Some of the side effects of chlorine that people worry about might be true. Although extensive research indicates that the chlorine dosed water provided in our towns and cities is safe, chlorine reacts with all sorts of substances dissolved in water and some of these reactions can produce by-products which may be harmful in the long-term. Does this mean we should be clamouring for change, that we could be potentially drinking harmful substances while the government does nothing?
There are things scientists and engineers are almost certain are harmful to the human population: obesity, climate change, sedentary lifestyles, over consumption and overpopulation. These are the elephants in the room which few people worry about on a day-to-day basis, but for which there is a large body of conclusive evidence pointing at disaster.

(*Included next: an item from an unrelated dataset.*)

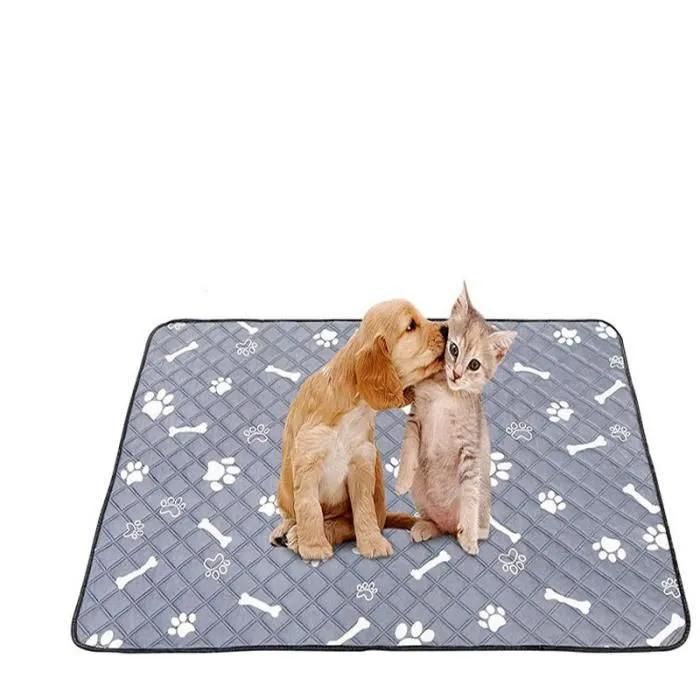 Meilleurs prix pour Tapis De Propreté Lavables Pour Chiens Tapis De Propreté Antidérapants Pour Chiens 70*100cm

It’s important that research in other fields, such as the potential impact of chlorine by-products, continues. There are critical things the scientific community already understands to be affecting human health, however, which can and should be addressed now. The by-products of chlorine have the potential to be impacting human health but chlorine also means that Australians can enjoy a life expectancy of 80 years rather than the 160 infants dying per 1000 born in England in the mid 1800s, and in Nigeria today.
Personally, I love the taste of chlorine. The taste of chlorine reminds me that I can live in a populated environment; plan my week without worrying about the worst effects of typhoid or some other hideous and dangerous waterborne illness.